“We need more coaching, and we need more students to have access to coaches,” says Laura Clark, who runs the VCCS Student Success Center as assistant vice chancellor of student success and professional development.
“Our students come to us with challenges inside and outside the classroom. They’re older, more of them work. Many of them have family responsibilities and face bills that are hard to pay. Coaching isn’t the entire answer, but it’s an essential part of our response.”
The goal is to have more coaches, and better coordinated coaching and advising. Virginia’s Community Colleges are asking state policymakers to invest $26 million in the upcoming two-year budget to increase the number of coaches our colleges have to help more at-risk students succeed and to develop the talent that business leaders are clamoring for across the commonwealth.

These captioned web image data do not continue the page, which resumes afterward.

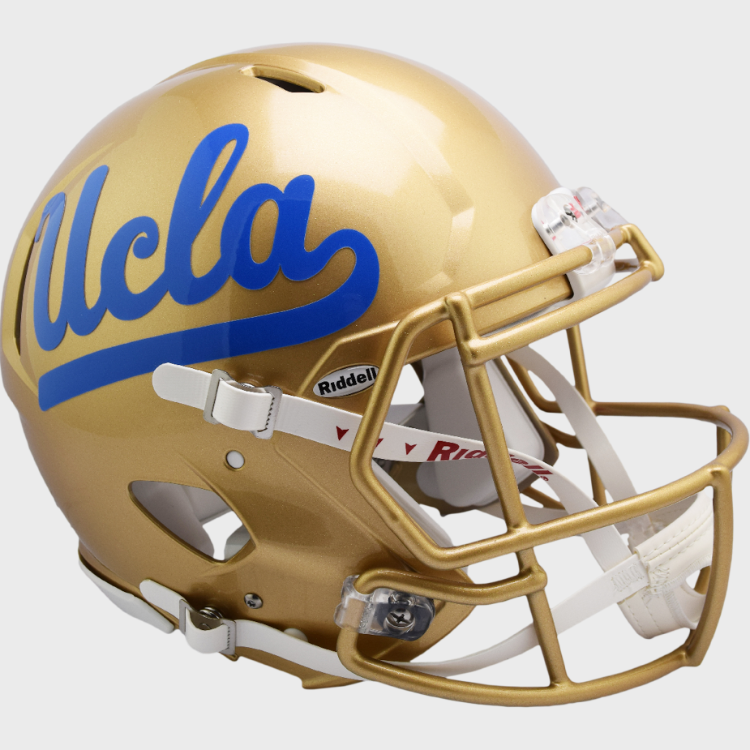 UCLA Bruins SPEED Revolution Authentic Football Helmet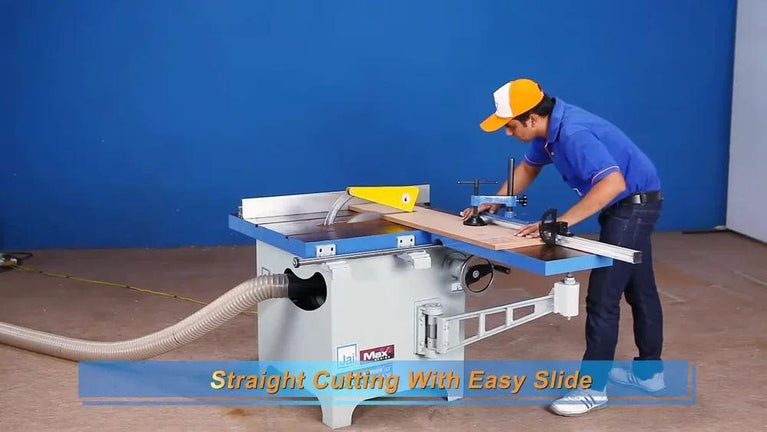 Tilting Arbor Circular Saw With Sliding Table J-634 ST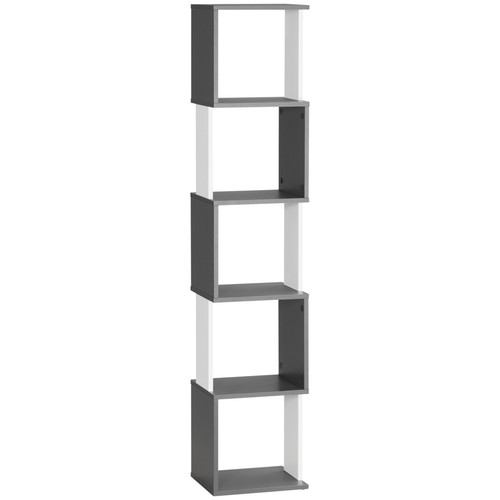 Homcom tier bookshelf - homcom,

Coaches and advisors help students navigate the often unfamiliar waters of higher education, and help connect them with resources ranging from child and transportation care to funding for family emergencies.
The peer group gathering in Charlottesville last month brought together academic and workforce coaches to learn about their evolving and growing roles. Peer group gatherings also provide opportunities for educators to network and learn about new technologies and developments in their discipline.
“This was a first step in starting to build some cohesive best practices to talk to them as a unit, as all coaches, and to help them see the value of the work that they’re doing, and the importance of the work that they’re doing to help Virginians secure the employment opportunities they need to succeed,” said Clark.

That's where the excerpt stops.